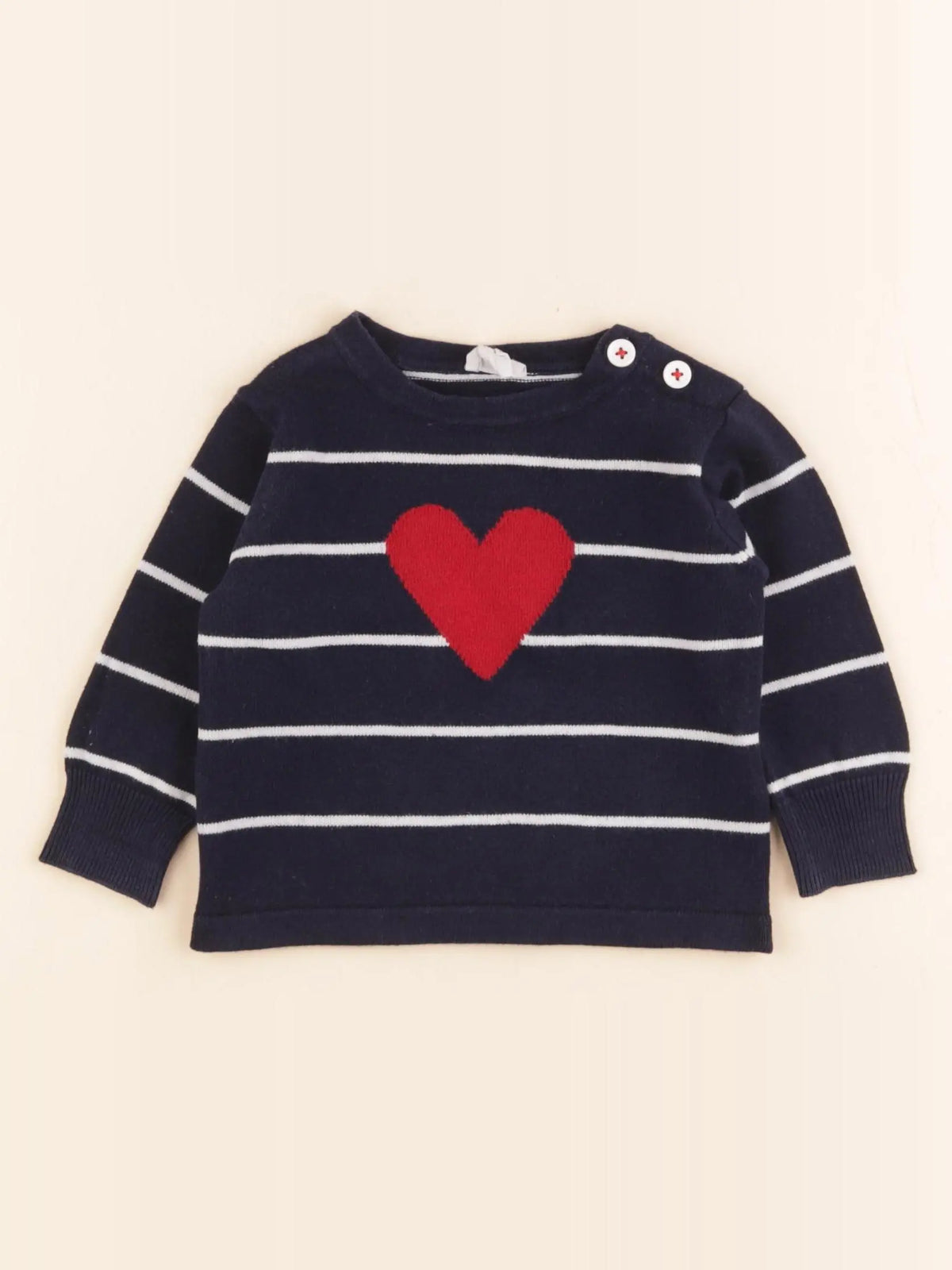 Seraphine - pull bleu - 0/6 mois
────────
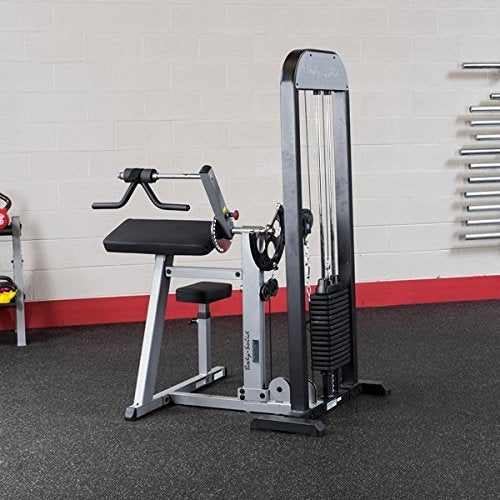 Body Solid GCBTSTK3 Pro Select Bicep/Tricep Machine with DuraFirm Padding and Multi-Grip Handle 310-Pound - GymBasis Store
────────
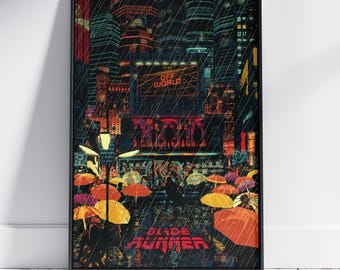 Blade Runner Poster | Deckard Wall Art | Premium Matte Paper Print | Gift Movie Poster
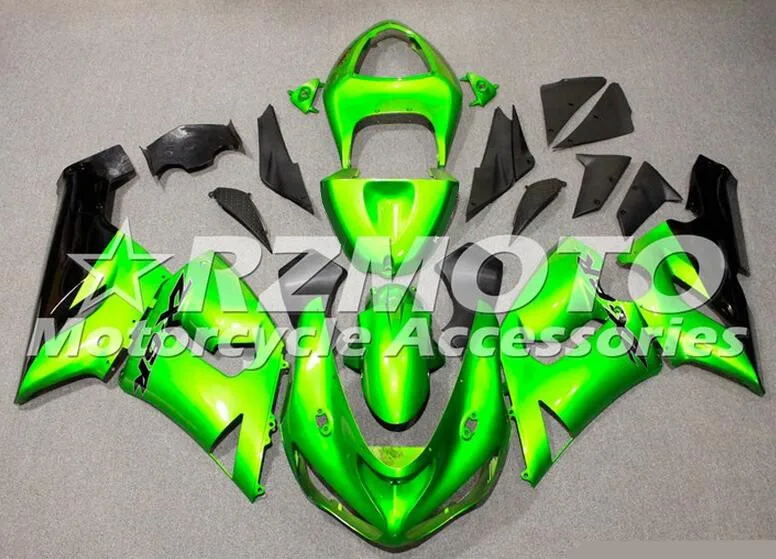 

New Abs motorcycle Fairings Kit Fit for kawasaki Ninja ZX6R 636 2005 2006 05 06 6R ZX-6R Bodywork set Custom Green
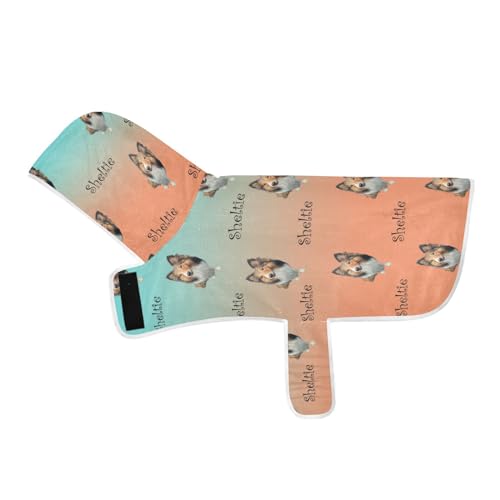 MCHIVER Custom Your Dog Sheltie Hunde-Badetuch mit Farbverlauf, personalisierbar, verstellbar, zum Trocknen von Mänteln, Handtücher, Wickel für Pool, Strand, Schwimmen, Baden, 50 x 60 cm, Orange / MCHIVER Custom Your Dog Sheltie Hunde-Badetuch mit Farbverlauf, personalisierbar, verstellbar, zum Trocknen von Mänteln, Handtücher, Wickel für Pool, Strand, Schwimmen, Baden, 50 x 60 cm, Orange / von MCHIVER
────────
__Problem description__.
Reproduce the lines above beginning at the line that contains "Blade Runner Poster" and ending at the line that contains "Orange / von MCHIVER". No pictures.

__Finished task__.
 Blade Runner Poster | Deckard Wall Art | Premium Matte Paper Print | Gift Movie Poster

New Abs motorcycle Fairings Kit Fit for kawasaki Ninja ZX6R 636 2005 2006 05 06 6R ZX-6R Bodywork set Custom Green
 MCHIVER Custom Your Dog Sheltie Hunde-Badetuch mit Farbverlauf, personalisierbar, verstellbar, zum Trocknen von Mänteln, Handtücher, Wickel für Pool, Strand, Schwimmen, Baden, 50 x 60 cm, Orange / MCHIVER Custom Your Dog Sheltie Hunde-Badetuch mit Farbverlauf, personalisierbar, verstellbar, zum Trocknen von Mänteln, Handtücher, Wickel für Pool, Strand, Schwimmen, Baden, 50 x 60 cm, Orange / von MCHIVER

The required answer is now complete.